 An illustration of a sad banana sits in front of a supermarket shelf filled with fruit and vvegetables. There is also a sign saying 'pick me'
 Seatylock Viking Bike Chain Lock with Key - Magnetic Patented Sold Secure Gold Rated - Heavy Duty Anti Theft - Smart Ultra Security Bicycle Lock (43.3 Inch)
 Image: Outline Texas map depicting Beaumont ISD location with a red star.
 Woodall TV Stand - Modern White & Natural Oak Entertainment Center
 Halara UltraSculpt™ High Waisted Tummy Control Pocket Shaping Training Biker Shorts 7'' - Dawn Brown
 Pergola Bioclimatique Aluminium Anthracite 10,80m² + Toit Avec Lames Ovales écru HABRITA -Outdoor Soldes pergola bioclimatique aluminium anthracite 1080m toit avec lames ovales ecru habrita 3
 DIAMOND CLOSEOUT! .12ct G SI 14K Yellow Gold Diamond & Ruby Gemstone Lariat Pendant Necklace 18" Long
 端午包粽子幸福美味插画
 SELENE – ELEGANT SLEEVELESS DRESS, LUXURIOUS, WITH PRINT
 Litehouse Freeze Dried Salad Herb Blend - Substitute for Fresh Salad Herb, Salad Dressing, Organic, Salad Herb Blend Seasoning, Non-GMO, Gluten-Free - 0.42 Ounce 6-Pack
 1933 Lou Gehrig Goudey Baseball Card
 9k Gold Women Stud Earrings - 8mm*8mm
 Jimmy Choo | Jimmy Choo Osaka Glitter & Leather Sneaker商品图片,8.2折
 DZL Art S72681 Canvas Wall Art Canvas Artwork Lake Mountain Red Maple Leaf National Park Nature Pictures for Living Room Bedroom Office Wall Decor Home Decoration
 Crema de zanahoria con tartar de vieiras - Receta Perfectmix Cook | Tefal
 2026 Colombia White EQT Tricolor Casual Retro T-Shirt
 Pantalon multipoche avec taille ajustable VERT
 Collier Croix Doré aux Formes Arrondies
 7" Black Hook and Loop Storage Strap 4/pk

####

Directions for this task ▸ The only output should be the lines from the one containing "Image: Outline Texas" through the final line of the material above, copied exactly.

Answer to this exercise ▸
 Image: Outline Texas map depicting Beaumont ISD location with a red star.
 Woodall TV Stand - Modern White & Natural Oak Entertainment Center
 Halara UltraSculpt™ High Waisted Tummy Control Pocket Shaping Training Biker Shorts 7'' - Dawn Brown
 Pergola Bioclimatique Aluminium Anthracite 10,80m² + Toit Avec Lames Ovales écru HABRITA -Outdoor Soldes pergola bioclimatique aluminium anthracite 1080m toit avec lames ovales ecru habrita 3
 DIAMOND CLOSEOUT! .12ct G SI 14K Yellow Gold Diamond & Ruby Gemstone Lariat Pendant Necklace 18" Long
 端午包粽子幸福美味插画
 SELENE – ELEGANT SLEEVELESS DRESS, LUXURIOUS, WITH PRINT
 Litehouse Freeze Dried Salad Herb Blend - Substitute for Fresh Salad Herb, Salad Dressing, Organic, Salad Herb Blend Seasoning, Non-GMO, Gluten-Free - 0.42 Ounce 6-Pack
 1933 Lou Gehrig Goudey Baseball Card
 9k Gold Women Stud Earrings - 8mm*8mm
 Jimmy Choo | Jimmy Choo Osaka Glitter & Leather Sneaker商品图片,8.2折
 DZL Art S72681 Canvas Wall Art Canvas Artwork Lake Mountain Red Maple Leaf National Park Nature Pictures for Living Room Bedroom Office Wall Decor Home Decoration
 Crema de zanahoria con tartar de vieiras - Receta Perfectmix Cook | Tefal
 2026 Colombia White EQT Tricolor Casual Retro T-Shirt
 Pantalon multipoche avec taille ajustable VERT
 Collier Croix Doré aux Formes Arrondies
 7" Black Hook and Loop Storage Strap 4/pk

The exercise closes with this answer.